▶
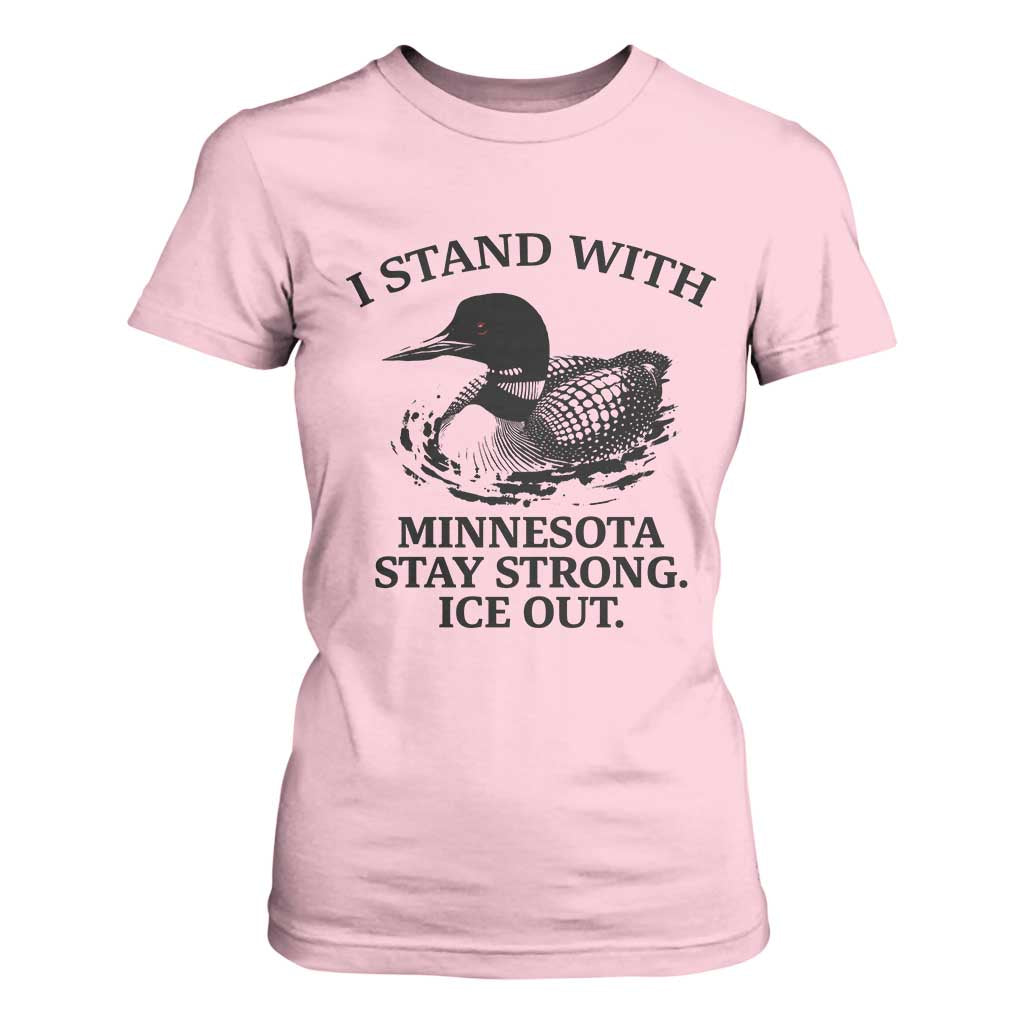 I Stand With Minnesota T Shirt For Women Minnesota Anti ICE Immigration Protest TS14 Light Pink Print Your Wear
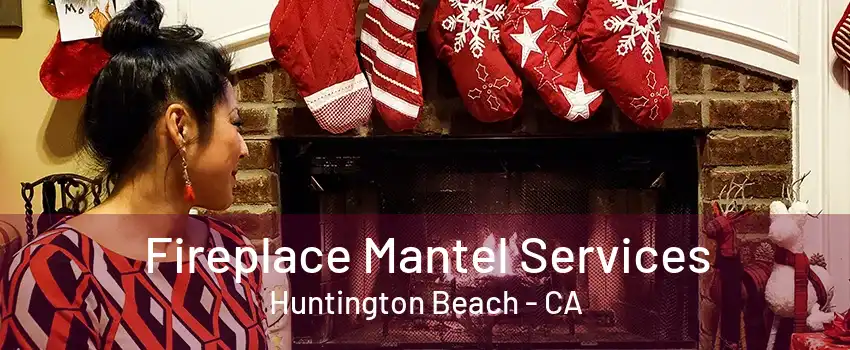 Fireplace Mantel Services Huntington Beach - CA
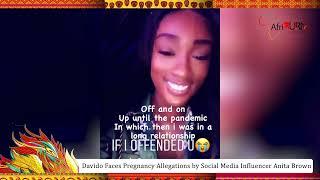 Davido Faces Pregnancy Allegations by Social Media Influencer Anita Brown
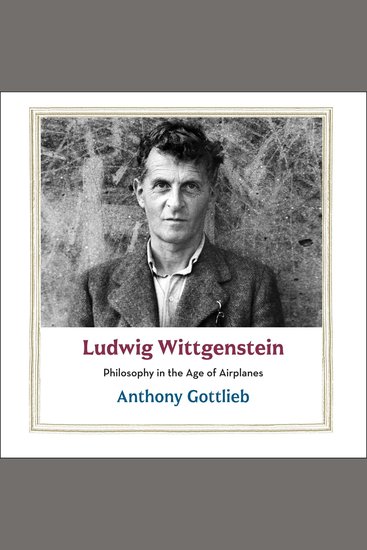 Ludwig Wittgenstein - Philosophy in the Age of Airplanes - cover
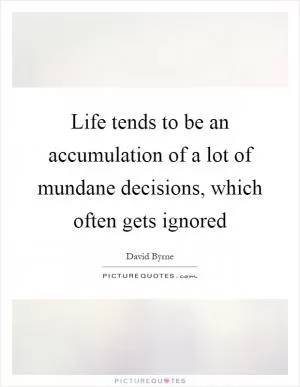 Life tends to be an accumulation of a lot of mundane decisions, which often gets ignored Picture Quote #1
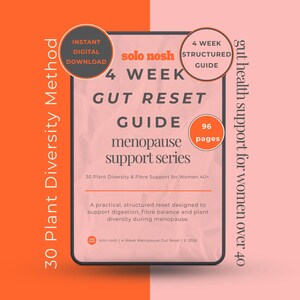 Peut inclure: Un téléchargement numérique intitulé "Guide de réinitialisation intestinale de 4 semaines" pour le soutien de la ménopause. Le guide compte 96 pages et se concentre sur la diversité végétale et le soutien des fibres pour les femmes de plus de 40 ans.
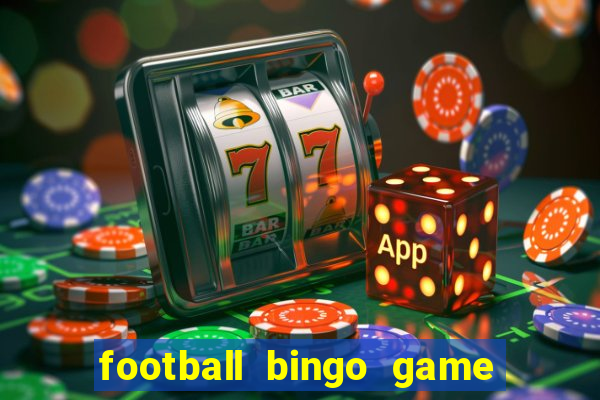 football bingo game - play now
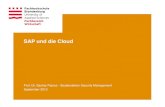 SAP und Cloud 201209 - sap-im-betrieblichen-spannungsfeld.desap-im-betrieblichen-spannungsfeld.de/wp-content/... · SAP und Sicherheit in der Cloud Identity Management ja - aber nicht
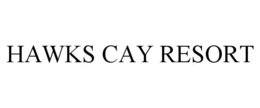 HAWKS CAY RESORT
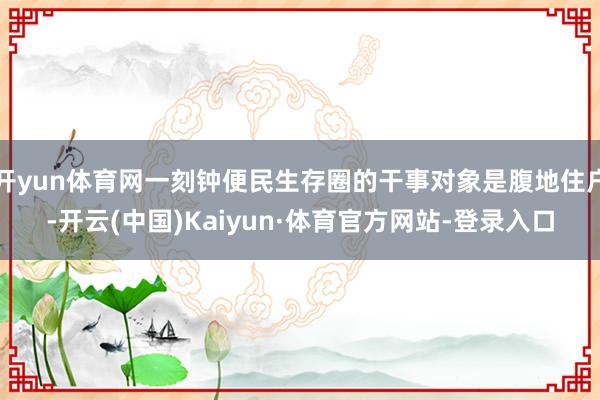 开yun体育网一刻钟便民生存圈的干事对象是腹地住户-开云(中国)Kaiyun·体育官方网站-登录入口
◀
## [WORK INSTRUCTION]
Transcribe the records verbatim, excluding pictures.

## [ANSWER TO THIS EXERCISE]
 I Stand With Minnesota T Shirt For Women Minnesota Anti ICE Immigration Protest TS14 Light Pink Print Your Wear
 Fireplace Mantel Services Huntington Beach - CA
 Davido Faces Pregnancy Allegations by Social Media Influencer Anita Brown
 Ludwig Wittgenstein - Philosophy in the Age of Airplanes - cover
 Life tends to be an accumulation of a lot of mundane decisions, which often gets ignored Picture Quote #1
 Peut inclure: Un téléchargement numérique intitulé "Guide de réinitialisation intestinale de 4 semaines" pour le soutien de la ménopause. Le guide compte 96 pages et se concentre sur la diversité végétale et le soutien des fibres pour les femmes de plus de 40 ans.
 football bingo game - play now
 SAP und Cloud 201209 - sap-im-betrieblichen-spannungsfeld.desap-im-betrieblichen-spannungsfeld.de/wp-content/... · SAP und Sicherheit in der Cloud Identity Management ja - aber nicht
 HAWKS CAY RESORT
 开yun体育网一刻钟便民生存圈的干事对象是腹地住户-开云(中国)Kaiyun·体育官方网站-登录入口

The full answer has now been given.